Belarus suspends dialogue on human rights with the European Union, and also lowers the level of participation in the EU’s Eastern Partnership program. Foreign Minister Vladimir Makei said this on the air of the Belarus 1 TV channel.
“The European Union and some countries are trying to criticize us on human rights issues, on issues of democracy. All this is absolutely artificial and politicized. We see that with the UN Human Rights Council and a number of other organizations,” noted the minister.
“We see no point in continuing the dialogue on human rights with the EU. We will suspend it until the EU changes the policy of the European Bank for Reconstruction and Development and the European Investment Bank, which have frozen the cooperation programs with Belarus. We do not see much sense in working on the full-fledged basis in the Eastern Partnership initiative,” said Makei.
He added that all these measures are only a response to the “provocative, destructive steps” that the European partners have taken towards Belarus. Makei said that “if someone wants to set fire in the region,” Belarus has a sufficient set of tools to respond adequately.
According to Makei, the expediency of cooperation between Belarus and the EU on nuclear energy, common fight against illegal emigration, border crime, drug smuggling, etc. can be reconsidered. He also hinted at the suspension of humanitarian and educational programs in Belarus.

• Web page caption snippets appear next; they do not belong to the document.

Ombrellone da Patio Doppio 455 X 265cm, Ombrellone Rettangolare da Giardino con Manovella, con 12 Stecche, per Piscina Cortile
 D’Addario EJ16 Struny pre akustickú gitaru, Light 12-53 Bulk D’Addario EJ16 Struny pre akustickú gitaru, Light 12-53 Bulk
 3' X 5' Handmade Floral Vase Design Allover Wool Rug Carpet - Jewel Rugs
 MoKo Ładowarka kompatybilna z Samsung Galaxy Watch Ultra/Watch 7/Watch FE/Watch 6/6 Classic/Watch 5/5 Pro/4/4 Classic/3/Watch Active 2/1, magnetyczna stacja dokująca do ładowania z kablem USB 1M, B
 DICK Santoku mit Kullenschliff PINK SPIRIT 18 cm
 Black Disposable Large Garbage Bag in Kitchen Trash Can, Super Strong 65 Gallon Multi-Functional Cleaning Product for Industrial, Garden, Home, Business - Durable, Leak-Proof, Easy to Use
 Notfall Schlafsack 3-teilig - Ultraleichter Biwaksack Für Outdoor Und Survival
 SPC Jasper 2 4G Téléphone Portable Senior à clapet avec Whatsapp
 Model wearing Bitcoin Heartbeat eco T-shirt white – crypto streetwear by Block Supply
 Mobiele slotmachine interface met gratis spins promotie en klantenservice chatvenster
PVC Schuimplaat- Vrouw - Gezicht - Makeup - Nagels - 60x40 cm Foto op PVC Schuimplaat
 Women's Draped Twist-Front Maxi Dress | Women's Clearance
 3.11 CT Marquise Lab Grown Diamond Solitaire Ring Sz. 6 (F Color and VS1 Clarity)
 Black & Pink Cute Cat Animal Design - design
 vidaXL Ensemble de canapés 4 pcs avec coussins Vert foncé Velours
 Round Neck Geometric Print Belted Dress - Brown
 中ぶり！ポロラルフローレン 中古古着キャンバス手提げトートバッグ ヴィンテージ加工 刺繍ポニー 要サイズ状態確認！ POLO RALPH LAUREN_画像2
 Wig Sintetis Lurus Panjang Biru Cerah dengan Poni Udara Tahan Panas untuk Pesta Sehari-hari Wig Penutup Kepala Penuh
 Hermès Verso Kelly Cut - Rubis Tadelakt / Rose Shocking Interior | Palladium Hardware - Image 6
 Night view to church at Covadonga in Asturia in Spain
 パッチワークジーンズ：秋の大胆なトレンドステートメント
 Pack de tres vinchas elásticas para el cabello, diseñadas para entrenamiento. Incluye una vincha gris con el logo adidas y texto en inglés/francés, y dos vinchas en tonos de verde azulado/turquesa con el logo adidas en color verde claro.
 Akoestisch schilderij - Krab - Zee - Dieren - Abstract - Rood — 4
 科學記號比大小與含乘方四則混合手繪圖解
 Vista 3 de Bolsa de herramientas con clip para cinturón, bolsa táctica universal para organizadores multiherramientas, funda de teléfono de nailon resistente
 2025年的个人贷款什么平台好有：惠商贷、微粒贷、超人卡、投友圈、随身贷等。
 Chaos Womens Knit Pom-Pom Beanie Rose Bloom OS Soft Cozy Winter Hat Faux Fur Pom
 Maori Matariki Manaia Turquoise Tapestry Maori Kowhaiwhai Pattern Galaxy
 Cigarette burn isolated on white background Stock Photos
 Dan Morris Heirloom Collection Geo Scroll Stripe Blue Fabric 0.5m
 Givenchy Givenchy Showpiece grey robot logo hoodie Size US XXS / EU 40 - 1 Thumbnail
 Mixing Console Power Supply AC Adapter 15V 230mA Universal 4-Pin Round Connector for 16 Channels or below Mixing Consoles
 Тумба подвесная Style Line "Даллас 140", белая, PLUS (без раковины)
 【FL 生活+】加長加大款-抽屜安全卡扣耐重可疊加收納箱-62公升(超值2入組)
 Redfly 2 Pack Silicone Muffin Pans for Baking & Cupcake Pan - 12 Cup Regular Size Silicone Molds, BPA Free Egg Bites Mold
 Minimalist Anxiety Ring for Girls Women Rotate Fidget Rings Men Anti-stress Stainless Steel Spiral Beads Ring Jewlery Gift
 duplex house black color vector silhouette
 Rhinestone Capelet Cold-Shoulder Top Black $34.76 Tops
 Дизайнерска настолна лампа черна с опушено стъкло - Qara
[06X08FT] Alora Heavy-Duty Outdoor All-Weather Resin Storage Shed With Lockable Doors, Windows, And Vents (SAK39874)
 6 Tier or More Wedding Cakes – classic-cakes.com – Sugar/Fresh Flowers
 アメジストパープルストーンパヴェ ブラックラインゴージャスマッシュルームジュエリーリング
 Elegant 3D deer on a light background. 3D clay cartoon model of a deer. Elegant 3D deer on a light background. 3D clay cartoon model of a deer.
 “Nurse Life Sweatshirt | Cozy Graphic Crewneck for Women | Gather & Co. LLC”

“But we would not like, I repeat once again, to resort to this. I hope that common sense will prevail and no one would like to build new Berlin walls,” stressed Makei.
On Tuesday, it became known that Belarus mirrored its sanctions list on the EU member states and Canada in response to the decision of the EU Council to impose restricitve measures on Belarus. The Foreign Ministry reported that it wouldn’t not make the list publicбas a courtesy.
However, the retaliatory list is equivalent, and operates within the framework of the integration associations, of which Belarus is part. Official Minsk “recommends that high-ranking European officials take this information into account when planning their trips.”